=== Dataset section ===
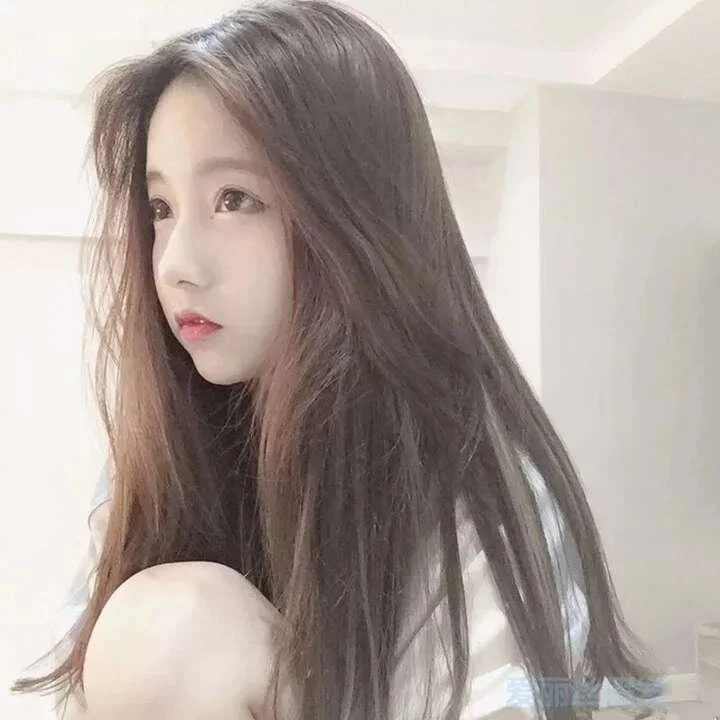 Xixi-07 Adlı Modelin Çevrimdışı XXX Sohbeti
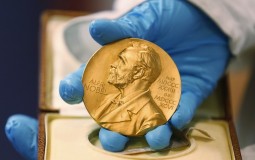 
					Nobelovu nagradu iz fizike dobili Aškin, Muru i Strikland 
					
									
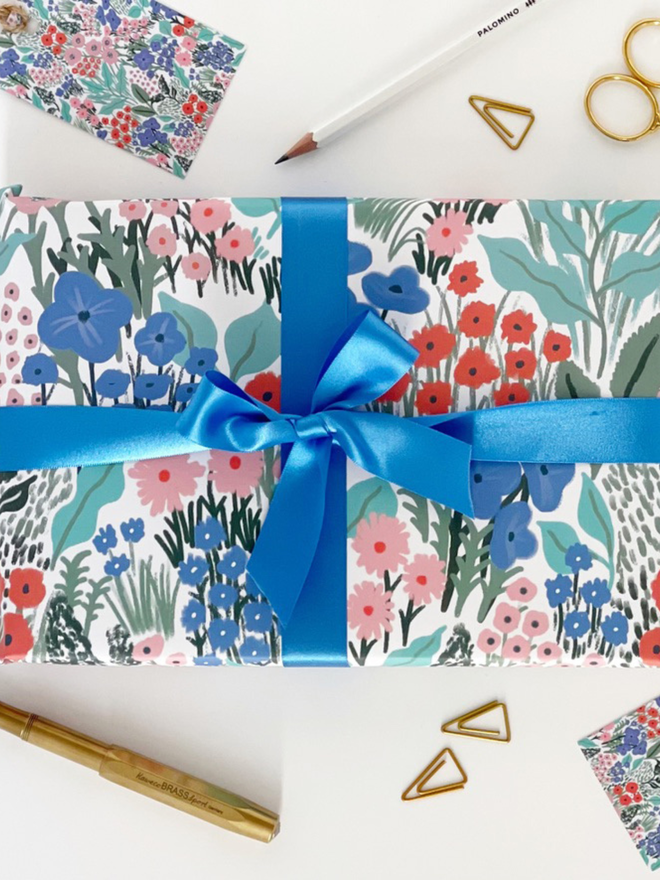 floral wrapping paper gift tags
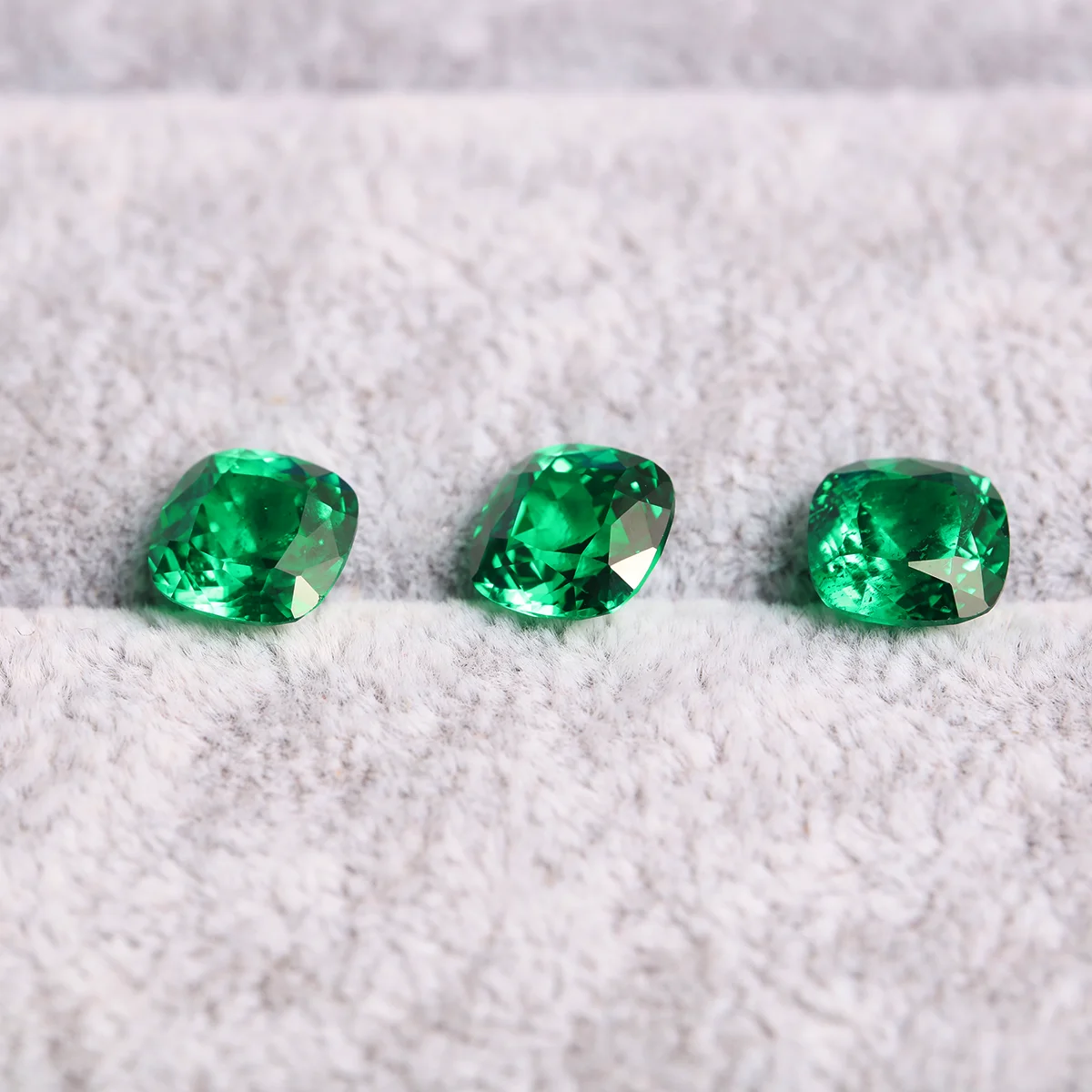 Cushion shape Lab Grown Emerald Gems 5x5mm 8x8mm Colombian  Emerald AGL Certified High Quality 5A Lab Grown Emerald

=== What to do ===
Each line from the one that contains "Nobelovu nagradu iz" to the end of the listing must be quoted exactly; no other line and no picture belongs in the copy.

=== Response to this task ===
					Nobelovu nagradu iz fizike dobili Aškin, Muru i Strikland 
					
									
 floral wrapping paper gift tags
 Cushion shape Lab Grown Emerald Gems 5x5mm 8x8mm Colombian  Emerald AGL Certified High Quality 5A Lab Grown Emerald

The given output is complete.